◆ Material provided

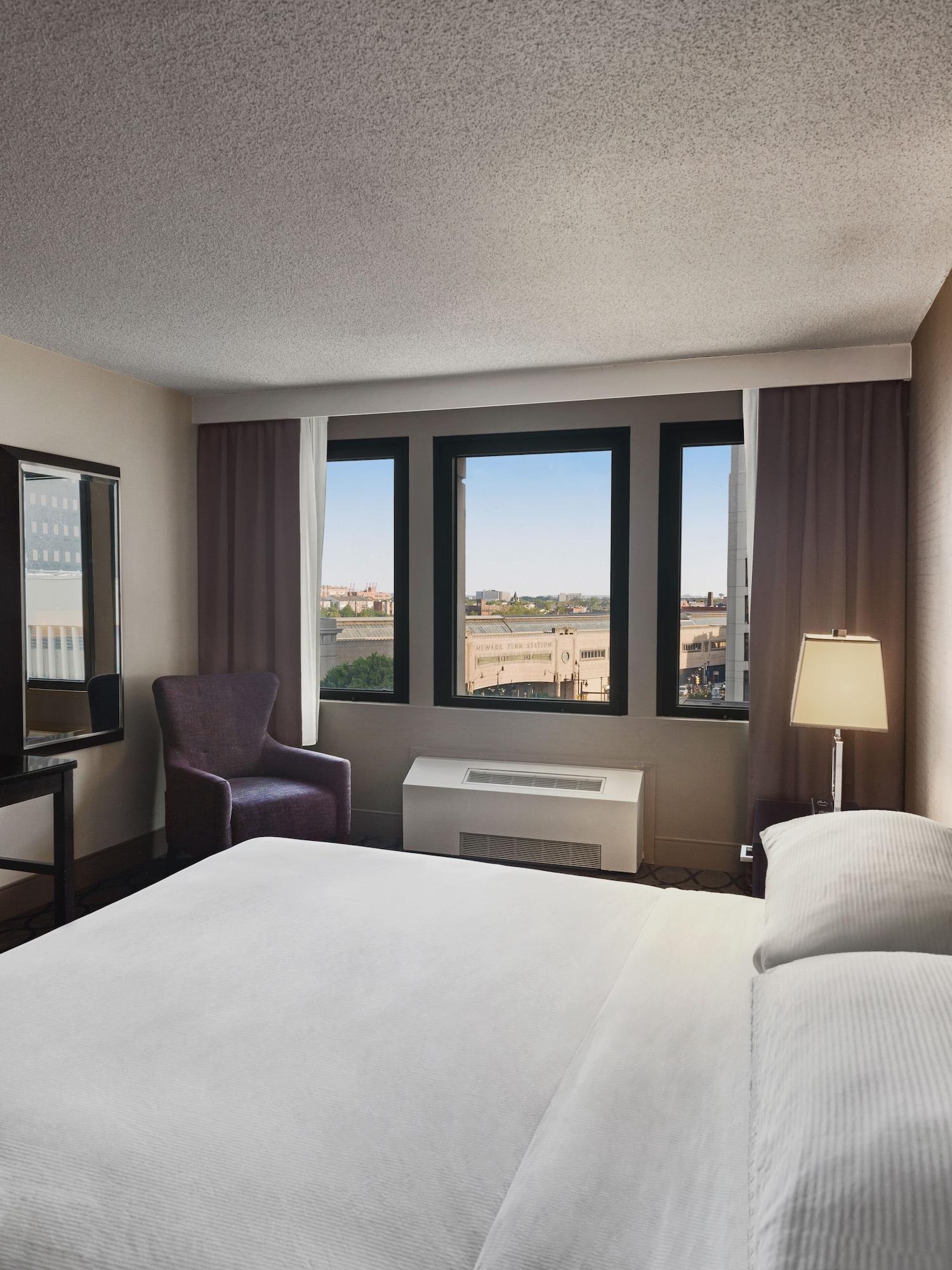 Doubletree By Hilton Newark Penn Station, Nj Hotel Eksteriør billede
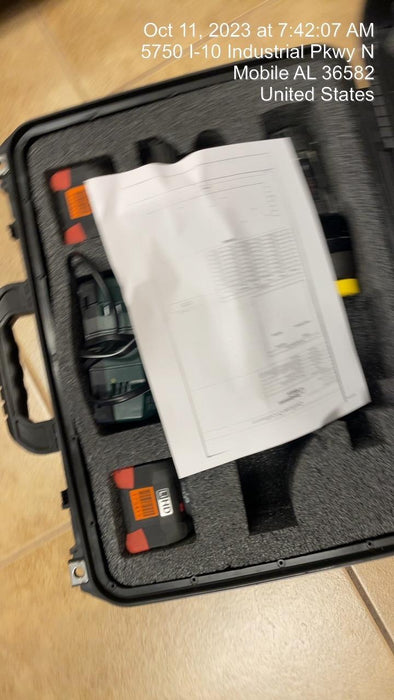 2021 TORCUP VT-500KIT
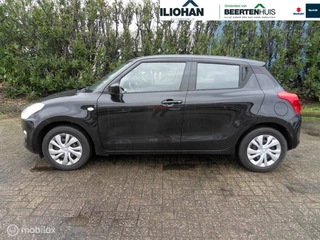 Suzuki Swift Suzuki Swift 1.2 Comfort 5 drs, Airco, LED, Lage km.stand - afbeelding nr 8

◆ Requirement
A verbatim copy of the data, with all pictures omitted, is the required output.

◆ Answer section
 Doubletree By Hilton Newark Penn Station, Nj Hotel Eksteriør billede
 2021 TORCUP VT-500KIT
 Suzuki Swift Suzuki Swift 1.2 Comfort 5 drs, Airco, LED, Lage km.stand - afbeelding nr 8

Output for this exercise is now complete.